● What you are asked to do: Find the line with "this 1000×750 image." in the listing below. Write it out exactly, along with every later line up to the final one.
=====
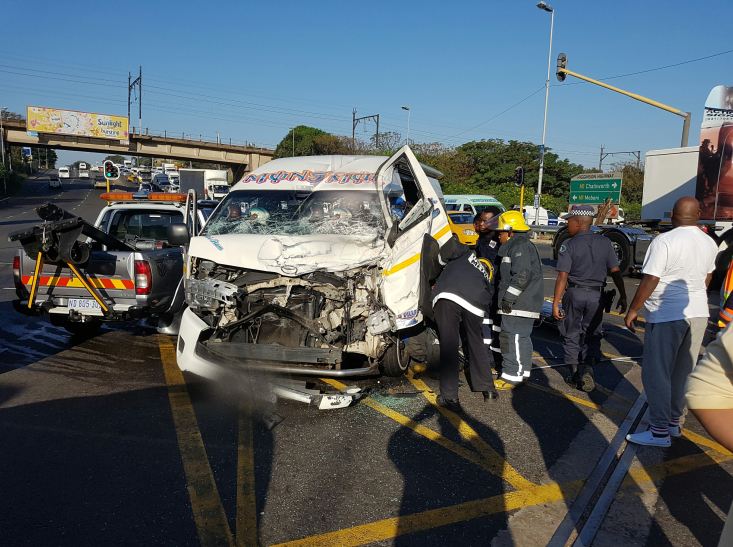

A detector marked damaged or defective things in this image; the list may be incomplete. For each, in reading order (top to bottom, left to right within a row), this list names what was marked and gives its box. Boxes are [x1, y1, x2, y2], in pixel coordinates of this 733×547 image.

shattered windshield [200, 189, 384, 237]
severely damaged taxi [174, 148, 448, 400]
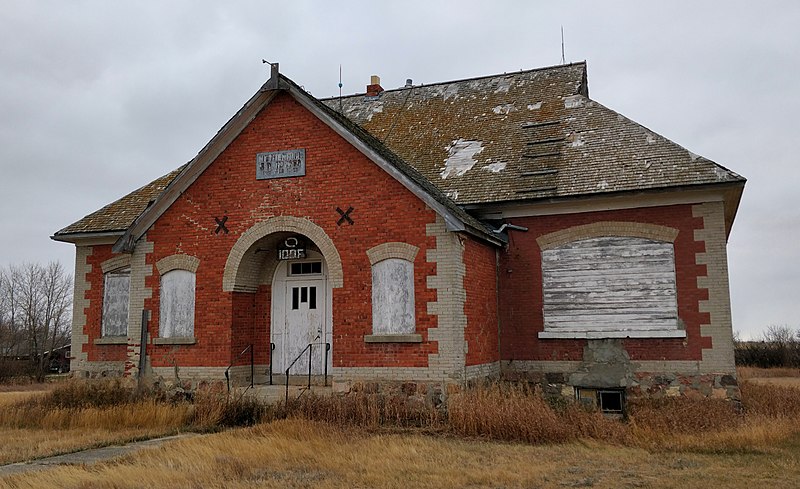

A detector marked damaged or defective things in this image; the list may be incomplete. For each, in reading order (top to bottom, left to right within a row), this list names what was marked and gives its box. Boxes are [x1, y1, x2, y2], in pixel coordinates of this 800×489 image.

white peeling paint on roof [440, 138, 484, 178]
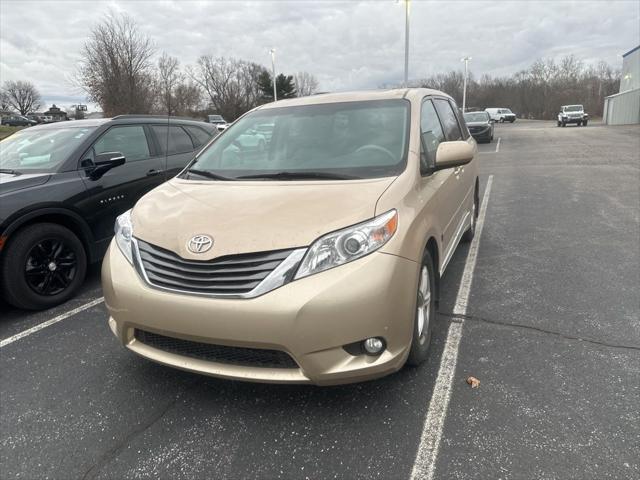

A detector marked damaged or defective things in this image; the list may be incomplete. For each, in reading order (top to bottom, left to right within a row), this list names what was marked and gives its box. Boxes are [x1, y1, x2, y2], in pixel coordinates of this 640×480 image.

parking lot crack [440, 314, 640, 350]
parking lot crack [81, 380, 199, 478]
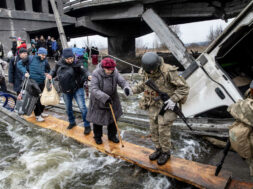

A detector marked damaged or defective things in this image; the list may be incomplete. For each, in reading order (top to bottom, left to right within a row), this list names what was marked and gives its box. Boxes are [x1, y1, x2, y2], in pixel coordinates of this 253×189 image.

overturned white truck [142, 0, 253, 117]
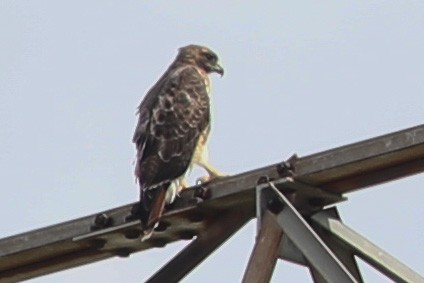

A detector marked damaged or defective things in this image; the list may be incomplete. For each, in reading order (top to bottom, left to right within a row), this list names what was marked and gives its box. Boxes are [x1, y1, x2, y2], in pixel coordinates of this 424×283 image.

rusted metal surface [0, 125, 422, 282]
rusted metal surface [243, 212, 284, 283]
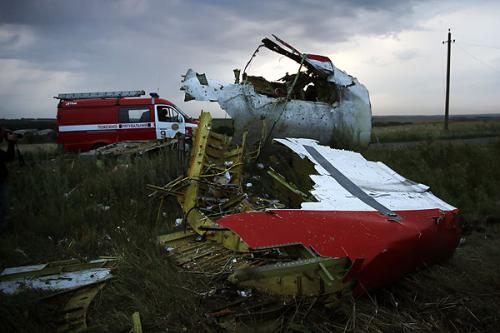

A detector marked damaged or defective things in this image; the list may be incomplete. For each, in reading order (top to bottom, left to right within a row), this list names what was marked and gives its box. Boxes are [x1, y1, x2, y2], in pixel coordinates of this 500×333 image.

crumpled fuselage section [180, 34, 372, 147]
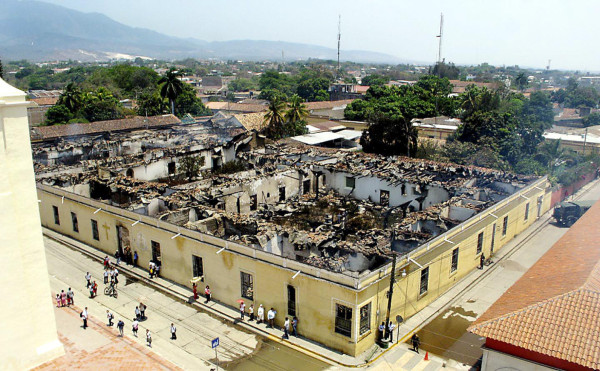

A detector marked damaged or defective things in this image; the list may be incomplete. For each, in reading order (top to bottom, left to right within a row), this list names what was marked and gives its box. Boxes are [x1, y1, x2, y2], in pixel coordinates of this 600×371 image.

burned building [36, 125, 552, 358]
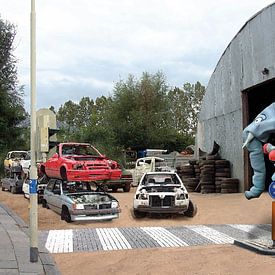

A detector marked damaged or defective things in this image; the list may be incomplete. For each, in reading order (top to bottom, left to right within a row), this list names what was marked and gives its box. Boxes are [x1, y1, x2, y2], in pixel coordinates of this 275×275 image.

damaged red car [39, 142, 121, 183]
wrecked white car [42, 180, 120, 223]
crushed gray car [42, 180, 121, 223]
wrecked white car [133, 172, 197, 220]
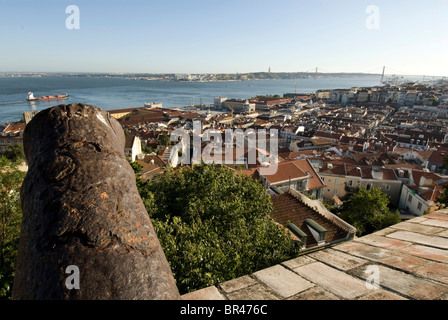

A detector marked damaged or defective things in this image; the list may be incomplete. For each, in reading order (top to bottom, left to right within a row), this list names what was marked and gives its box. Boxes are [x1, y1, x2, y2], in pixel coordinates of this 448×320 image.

rusty cannon barrel [12, 104, 180, 300]
corroded metal surface [13, 103, 180, 300]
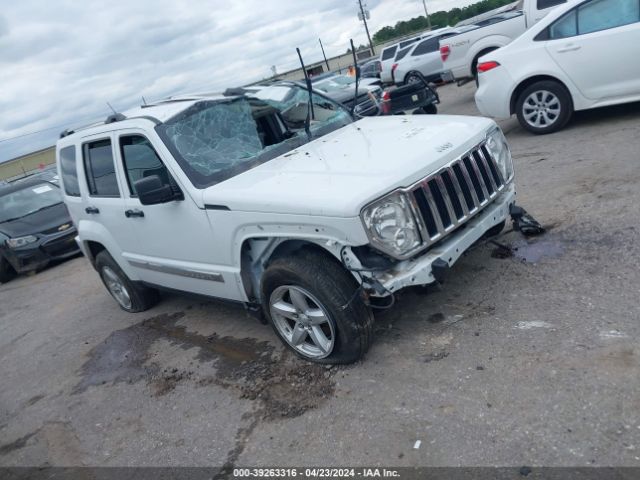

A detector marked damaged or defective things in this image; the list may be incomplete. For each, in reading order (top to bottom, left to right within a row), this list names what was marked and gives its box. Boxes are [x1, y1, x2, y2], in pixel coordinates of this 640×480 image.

shattered windshield [157, 89, 352, 188]
damaged front bumper [370, 185, 516, 294]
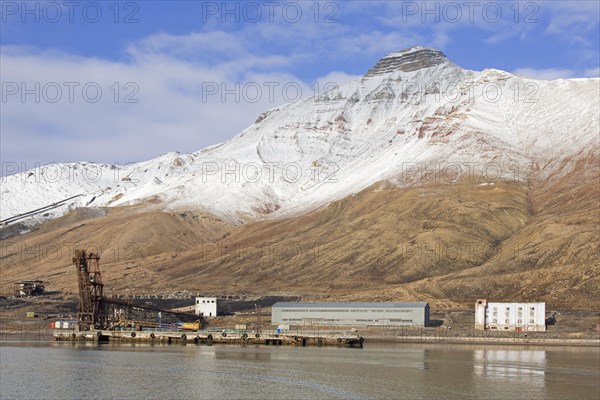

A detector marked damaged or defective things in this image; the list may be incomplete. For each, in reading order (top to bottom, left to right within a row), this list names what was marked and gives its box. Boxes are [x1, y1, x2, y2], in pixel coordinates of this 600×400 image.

rusty metal tower [73, 250, 106, 332]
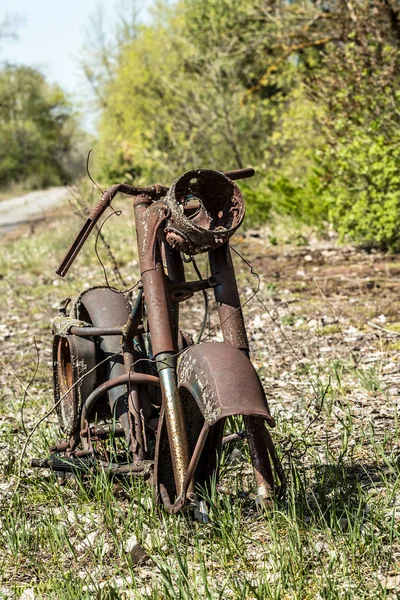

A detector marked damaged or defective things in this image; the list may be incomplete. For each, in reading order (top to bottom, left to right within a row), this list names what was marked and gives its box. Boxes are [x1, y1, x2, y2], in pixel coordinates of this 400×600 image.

rusty motorcycle [32, 166, 286, 516]
rusted motorcycle frame [32, 168, 286, 516]
rusty fender [178, 342, 276, 426]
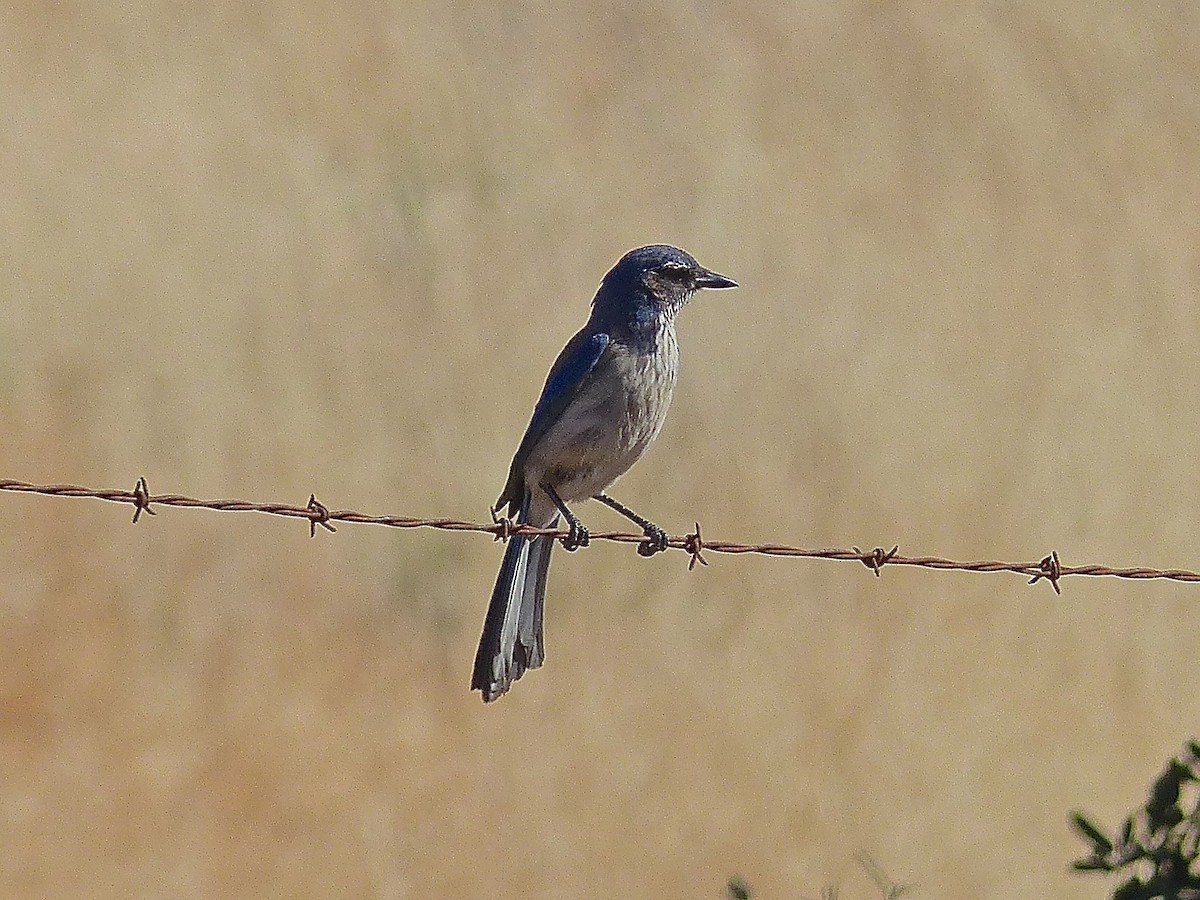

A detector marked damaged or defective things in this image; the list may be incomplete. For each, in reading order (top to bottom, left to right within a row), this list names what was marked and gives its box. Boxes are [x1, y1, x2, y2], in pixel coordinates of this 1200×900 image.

rusty wire [2, 475, 1200, 595]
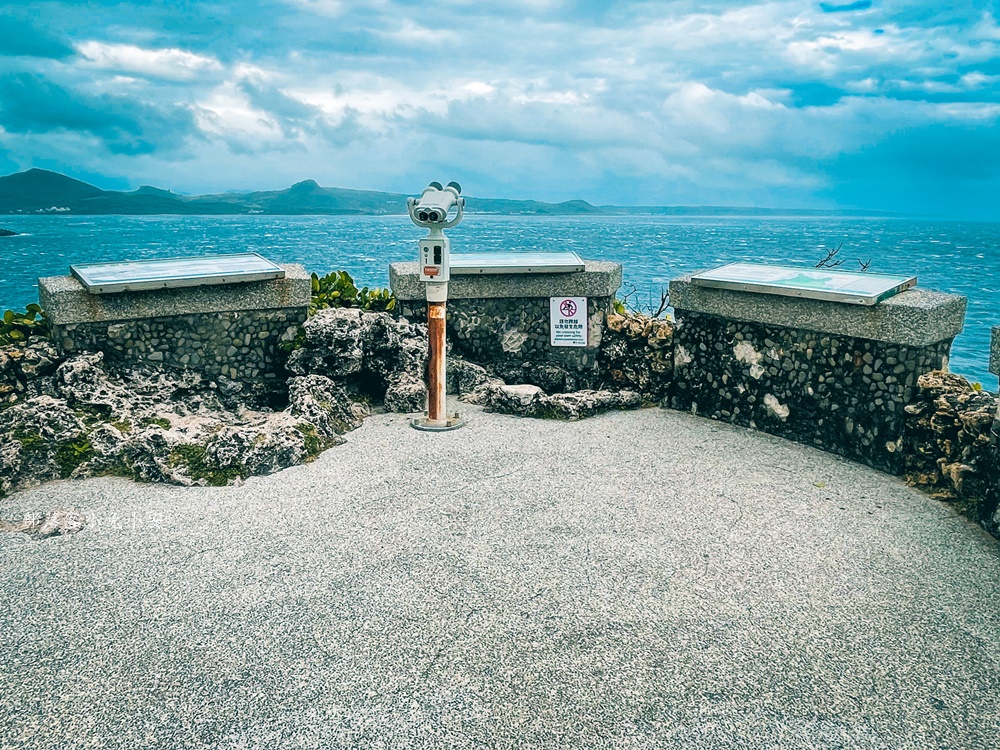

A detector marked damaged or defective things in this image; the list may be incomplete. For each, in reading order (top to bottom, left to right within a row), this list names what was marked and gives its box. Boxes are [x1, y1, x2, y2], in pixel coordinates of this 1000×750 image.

rusty metal pole [426, 302, 446, 426]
=====
● Answer box:
A detector marked damaged or defective things in this image; the list may be incomplete. For each, in reading order (top to bottom, left to right within a row), this list names what was marked and gives its box. Boxes are [x1, y1, x2, y2], in pixel coordinates of this 1000×750 image.

rusty metal pole [426, 302, 446, 426]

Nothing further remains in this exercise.